┏━━

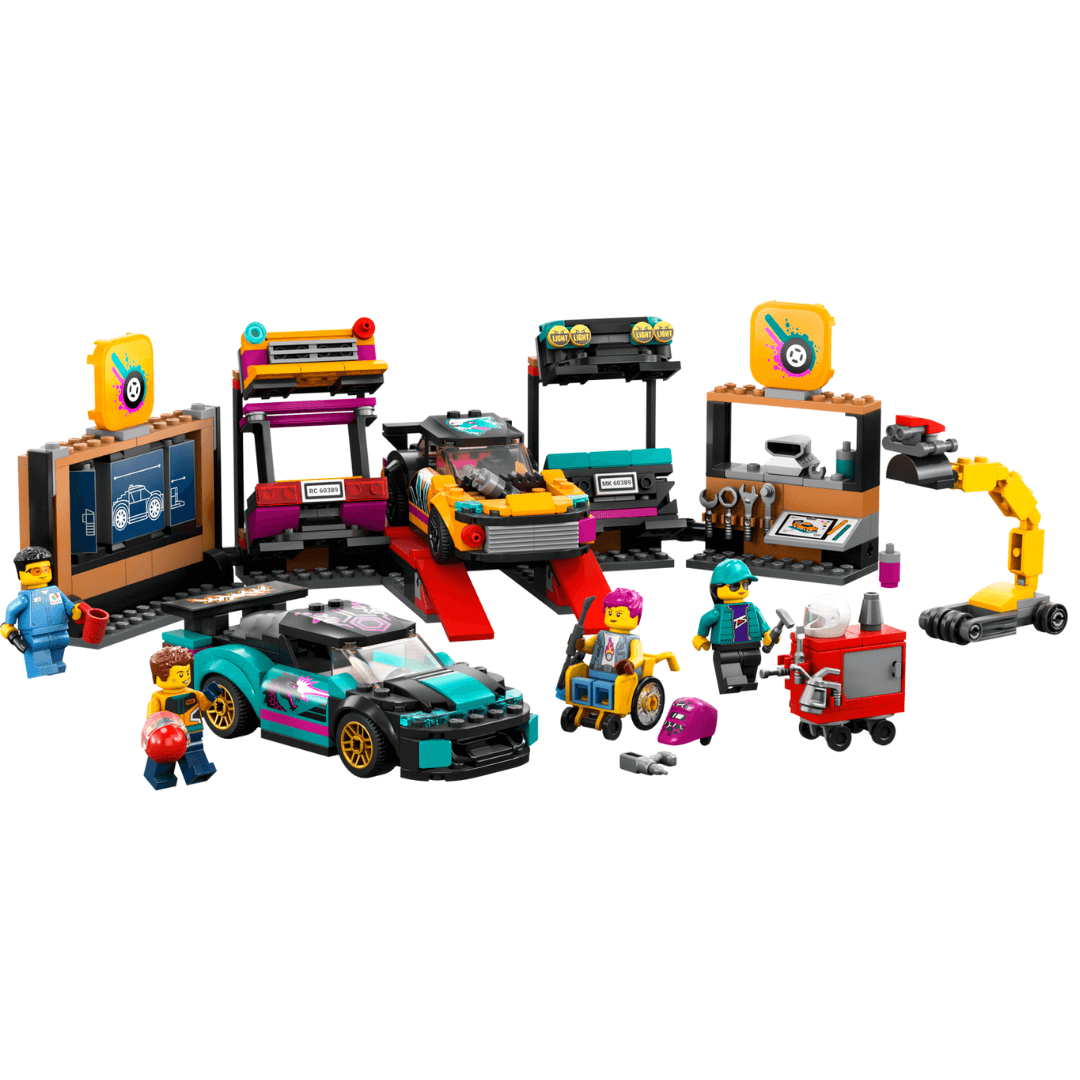 60389 lego custom car garage set uild suggestion
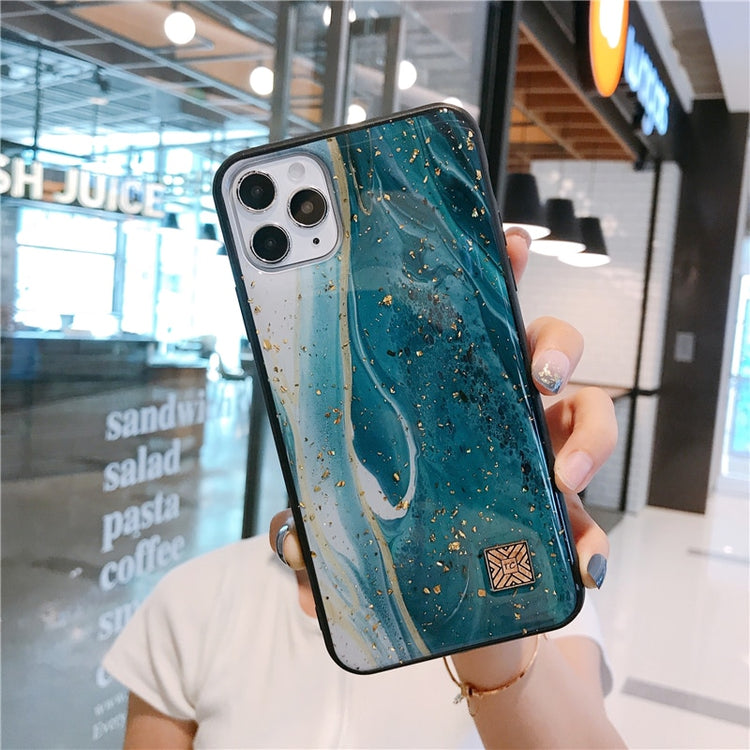 seraCase Luxury Jade Marble iPhone Case for iPhone 12 Pro Max / Style 11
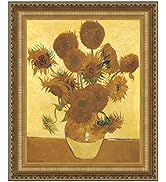 Design Toscano "Sunflowers, 1888" Canvas Replica Painting, Large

┗━━

## HOW TO COMPLETE THIS TASK
Beginning with the line that holds "seraCase Luxury Jade", extract every line to the end of the material, exactly as it stands, and drop the pictures.

## ANSWER FOR THIS EXERCISE
 seraCase Luxury Jade Marble iPhone Case for iPhone 12 Pro Max / Style 11
 Design Toscano "Sunflowers, 1888" Canvas Replica Painting, Large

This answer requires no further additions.